That’s right – the Tories were openly applauding their decision to continue to limit the wages of the very workers they were praising just a few short weeks ago.

It’s one thing praising them for their efforts, but where is the action to show our appreciation for all they do and give on a daily basis and whenever they are called upon to do so?

Some Tory MPs have taken to social media to try to explain their decision to vote to keep the pay cap, but each hollow excuse simply highlights their contempt for public services and the people who work in them. When the Tories can find £1 billion to buy support from the DUP so that they can remain in power, then they could also find the money to lift the public sector pay cap if they wanted to.

In the same week that the cap was being backed by the Tories, we also saw the royal family get an increase in what they receive from the public purse and a £3 billion aircraft carrier sail down the Forth – a carrier that cost the UK Government so much money that it can’t afford to pay for any planes to operate from it!

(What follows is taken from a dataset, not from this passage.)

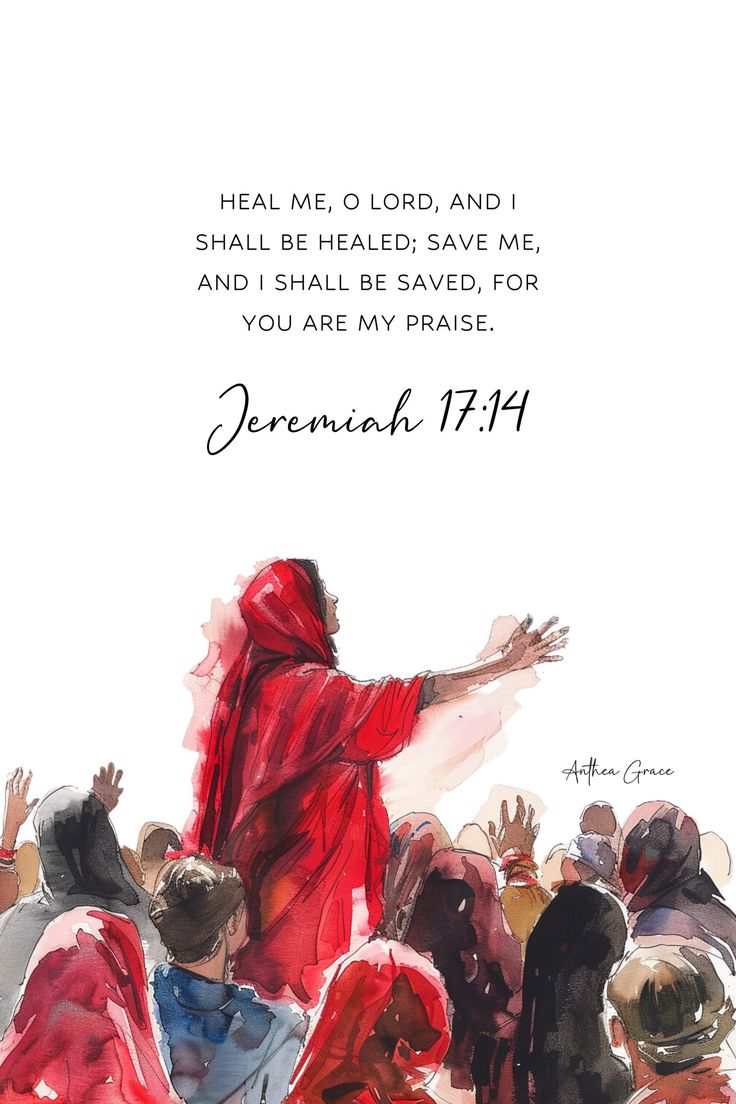 an image of jesus in red robes with the words, he shall me, o lord and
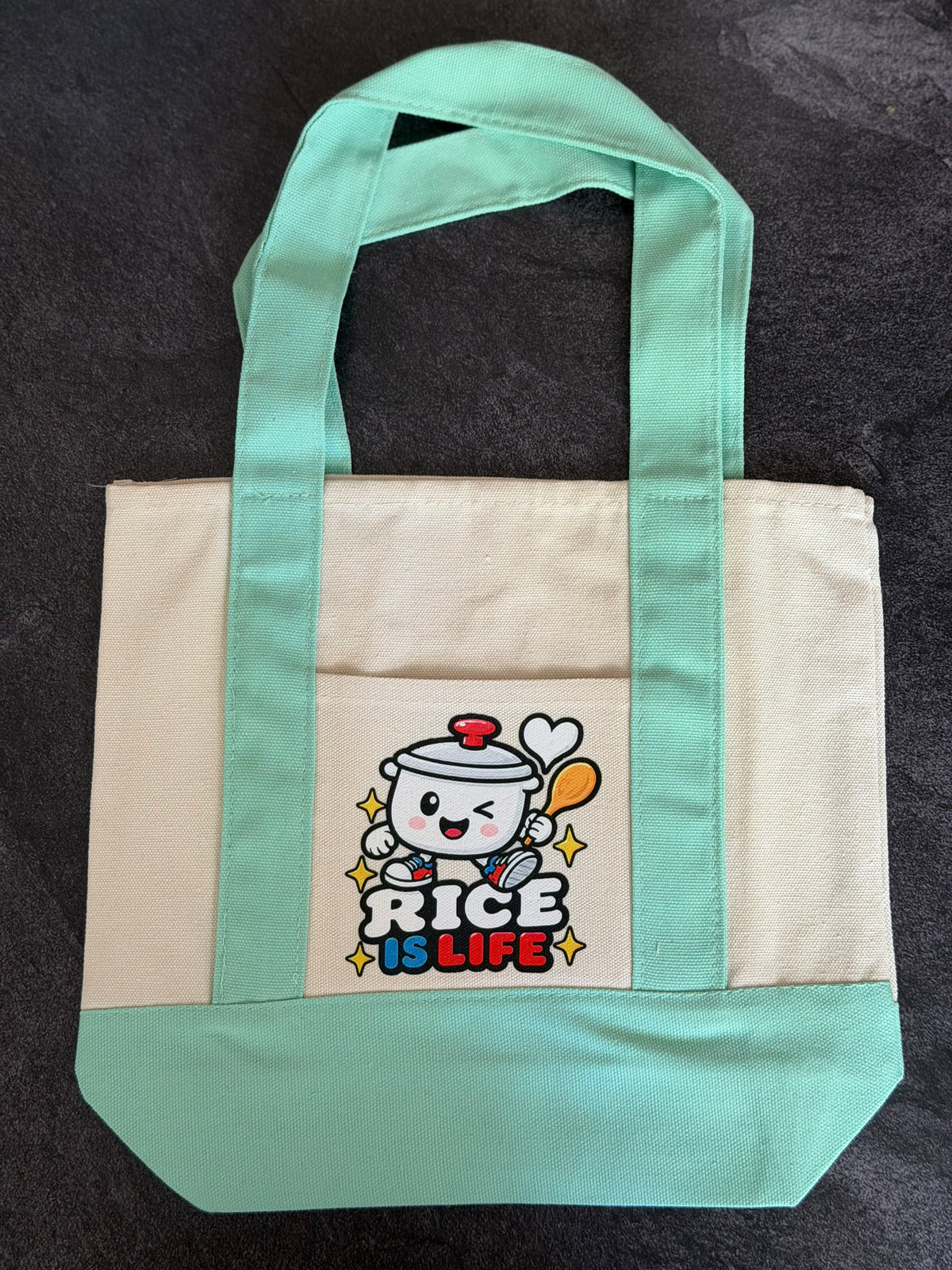 Canvas Mini Tote - Rice Is Life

As I’ve said before, austerity is a political choice, not an economic one. Under successive Tory Governments, public debt has risen while public services are being starved of essential funding.

The Scottish Government, despite the restrictions it faces under devolution, is committed to removing the public-sector pay cap, so why can’t the UK Government, which controls all the levers of the economy, do likewise? It’s not about finding the money to do it, it’s about having the political will to prioritise public services – and those who work in them – ahead of tax cuts for businesses and millionaires.

This week in Parliament also saw Labour’s early promise in perhaps being a decent opposition party to the Tories descend into farce. Jeremy Corbyn’s status as an alternative prime minister slumped sharply when, yet again, he lost control of his parliamentary group. Irrespective of the issue of a hard or soft Brexit, when a leader is openly challenged and loses control not just of his backbenchers but also shadow ministers, you know the writing is on the wall. Corbyn may be backed by Labour supporters outside of Parliament but within Westminster the same old divisions have come to light. I have personally always really looked forward to working with Jeremy Corbyn, given how much we should in theory agree on. When he first became leader I was prepared to give him a chance and give him time to find his feet and get the Blairites of his party into line.

That excitement at the prospect of working with Labour to defeat the incredibly weak, bruised and embarrassed Tory Government only increased after the last-minute “Corbyn Surge” we saw in so many parts of the UK.

However, this week there are no excuses. Labour’s return to abstaining from votes rather than providing real opposition to the Tories show that the credibility gap when it comes to Corbyn ever replacing a Tory prime minister is as wide as it ever was.

Now he has sacked the frontbenchers who defied his whip and voted for the amendment to the Queen’s Speech calling for Britain to stay in the European single market and customs union. That’s fine, that is an internal matter for Labour and the leadership. But I have to ask, where was that backbone when it came to voting against Trident replacement?

People support Corbyn and see hope in him because he has so often defied the whip and stood up for his (often unpopular) beliefs with integrity throughout his entire career. That is why he was elected leader. But since his election, he seems to have abandoned the integrity I know he has in order to appease the Blairites and soft conservatives in his party that people have grown so sick and tired of.

At the General Election, young people in England and other parts of the UK came out in their droves to vote for a better future away from the dark hard Brexit road the Tories are dragging us down. This was Corbyn’s chance to show them their voices have been heard, but no, we saw the same old abstaining Labour Party.

It is time for Corbyn to put aside party politics and work with people who want to see the implementation of the beliefs that got him and others elected. Not to do so would be a wasted opportunity for the left, and for Corbyn himself, and incredibly disappointing for all those who have supported him throughout (and I include members of the SNP).

Yet again the real opposition to the Tories is coming from the SNP group in Westminster. I genuinely hope Corbyn will change that.